* WHAT THE TASK REQUIRES *
Scan the records below for the line containing "Josep McDonald, el" and the line containing "Sliver cross wayfarer". Copy both, plus every line between, exactly.
+---+
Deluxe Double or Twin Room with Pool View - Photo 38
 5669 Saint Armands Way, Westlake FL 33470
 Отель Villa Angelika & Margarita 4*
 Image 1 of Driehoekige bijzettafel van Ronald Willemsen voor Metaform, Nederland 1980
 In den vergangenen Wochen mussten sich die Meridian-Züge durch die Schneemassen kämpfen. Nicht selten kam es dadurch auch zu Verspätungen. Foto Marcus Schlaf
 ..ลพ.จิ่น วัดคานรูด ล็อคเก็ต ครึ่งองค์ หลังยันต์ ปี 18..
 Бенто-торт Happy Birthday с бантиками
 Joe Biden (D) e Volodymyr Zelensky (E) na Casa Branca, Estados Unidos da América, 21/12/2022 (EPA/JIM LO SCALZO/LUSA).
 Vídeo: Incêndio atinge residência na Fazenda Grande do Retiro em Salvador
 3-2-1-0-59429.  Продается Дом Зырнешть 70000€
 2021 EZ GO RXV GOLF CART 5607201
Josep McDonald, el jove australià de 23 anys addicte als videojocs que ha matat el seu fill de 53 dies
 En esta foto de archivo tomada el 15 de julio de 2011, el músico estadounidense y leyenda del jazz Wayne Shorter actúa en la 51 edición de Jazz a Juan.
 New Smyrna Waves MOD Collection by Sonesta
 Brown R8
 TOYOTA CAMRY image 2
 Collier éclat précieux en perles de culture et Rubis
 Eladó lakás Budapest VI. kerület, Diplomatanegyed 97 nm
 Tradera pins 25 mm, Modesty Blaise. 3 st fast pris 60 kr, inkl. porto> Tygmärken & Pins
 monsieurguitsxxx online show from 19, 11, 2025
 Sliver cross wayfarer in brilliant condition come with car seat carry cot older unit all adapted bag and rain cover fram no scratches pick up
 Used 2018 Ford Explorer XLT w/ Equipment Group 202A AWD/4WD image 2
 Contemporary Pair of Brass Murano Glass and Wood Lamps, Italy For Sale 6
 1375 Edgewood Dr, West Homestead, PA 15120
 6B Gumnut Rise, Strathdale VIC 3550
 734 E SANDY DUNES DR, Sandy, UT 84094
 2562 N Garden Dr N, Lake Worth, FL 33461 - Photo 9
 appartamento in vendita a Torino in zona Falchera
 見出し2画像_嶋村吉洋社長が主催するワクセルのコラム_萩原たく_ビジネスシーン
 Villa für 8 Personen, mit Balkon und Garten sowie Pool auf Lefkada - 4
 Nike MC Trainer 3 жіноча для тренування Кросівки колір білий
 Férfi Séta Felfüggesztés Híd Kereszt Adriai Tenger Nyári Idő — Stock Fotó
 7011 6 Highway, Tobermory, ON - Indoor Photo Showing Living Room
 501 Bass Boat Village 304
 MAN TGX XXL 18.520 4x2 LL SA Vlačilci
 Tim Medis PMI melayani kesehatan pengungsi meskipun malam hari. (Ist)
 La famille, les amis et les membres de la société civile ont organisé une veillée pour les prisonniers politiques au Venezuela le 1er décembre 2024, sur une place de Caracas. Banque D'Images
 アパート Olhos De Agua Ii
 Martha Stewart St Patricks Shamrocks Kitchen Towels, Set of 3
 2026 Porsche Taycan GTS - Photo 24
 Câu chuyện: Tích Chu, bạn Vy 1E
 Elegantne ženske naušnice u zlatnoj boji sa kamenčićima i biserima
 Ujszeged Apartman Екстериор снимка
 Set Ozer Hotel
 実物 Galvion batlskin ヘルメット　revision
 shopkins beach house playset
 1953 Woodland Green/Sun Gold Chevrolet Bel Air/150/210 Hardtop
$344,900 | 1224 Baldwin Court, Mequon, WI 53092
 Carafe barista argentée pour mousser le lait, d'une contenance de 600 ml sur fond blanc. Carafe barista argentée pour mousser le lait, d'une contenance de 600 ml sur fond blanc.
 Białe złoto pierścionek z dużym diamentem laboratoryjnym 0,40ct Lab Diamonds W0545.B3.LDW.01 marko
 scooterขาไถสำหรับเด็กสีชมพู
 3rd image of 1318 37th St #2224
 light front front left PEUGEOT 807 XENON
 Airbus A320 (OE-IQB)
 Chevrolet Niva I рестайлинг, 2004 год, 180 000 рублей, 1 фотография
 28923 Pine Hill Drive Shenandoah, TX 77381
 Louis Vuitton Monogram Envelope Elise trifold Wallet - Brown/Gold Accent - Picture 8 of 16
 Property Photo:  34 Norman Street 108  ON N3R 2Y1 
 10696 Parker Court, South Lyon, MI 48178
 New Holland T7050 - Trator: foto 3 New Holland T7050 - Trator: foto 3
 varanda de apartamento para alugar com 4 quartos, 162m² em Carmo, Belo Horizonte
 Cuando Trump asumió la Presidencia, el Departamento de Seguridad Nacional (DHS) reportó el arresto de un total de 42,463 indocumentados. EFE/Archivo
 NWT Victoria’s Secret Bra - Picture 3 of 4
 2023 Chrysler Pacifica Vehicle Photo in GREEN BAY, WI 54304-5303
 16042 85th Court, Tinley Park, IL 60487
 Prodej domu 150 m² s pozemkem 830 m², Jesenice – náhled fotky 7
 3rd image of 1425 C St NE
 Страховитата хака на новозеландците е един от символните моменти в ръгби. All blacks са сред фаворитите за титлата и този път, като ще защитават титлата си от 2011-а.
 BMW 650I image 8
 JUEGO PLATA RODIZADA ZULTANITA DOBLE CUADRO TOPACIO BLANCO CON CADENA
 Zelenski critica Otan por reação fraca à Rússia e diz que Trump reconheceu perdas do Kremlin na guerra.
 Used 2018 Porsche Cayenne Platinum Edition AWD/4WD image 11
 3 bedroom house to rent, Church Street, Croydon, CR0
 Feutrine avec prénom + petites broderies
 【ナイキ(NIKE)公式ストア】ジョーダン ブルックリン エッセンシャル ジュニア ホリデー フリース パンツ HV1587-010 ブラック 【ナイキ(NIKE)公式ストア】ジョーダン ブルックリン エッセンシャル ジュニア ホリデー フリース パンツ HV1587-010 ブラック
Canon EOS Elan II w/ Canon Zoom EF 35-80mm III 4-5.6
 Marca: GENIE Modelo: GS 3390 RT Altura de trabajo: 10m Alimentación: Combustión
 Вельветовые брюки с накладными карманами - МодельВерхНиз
+---+
* TASK RESULT *
Josep McDonald, el jove australià de 23 anys addicte als videojocs que ha matat el seu fill de 53 dies
 En esta foto de archivo tomada el 15 de julio de 2011, el músico estadounidense y leyenda del jazz Wayne Shorter actúa en la 51 edición de Jazz a Juan.
 New Smyrna Waves MOD Collection by Sonesta
 Brown R8
 TOYOTA CAMRY image 2
 Collier éclat précieux en perles de culture et Rubis
 Eladó lakás Budapest VI. kerület, Diplomatanegyed 97 nm
 Tradera pins 25 mm, Modesty Blaise. 3 st fast pris 60 kr, inkl. porto> Tygmärken & Pins
 monsieurguitsxxx online show from 19, 11, 2025
 Sliver cross wayfarer in brilliant condition come with car seat carry cot older unit all adapted bag and rain cover fram no scratches pick up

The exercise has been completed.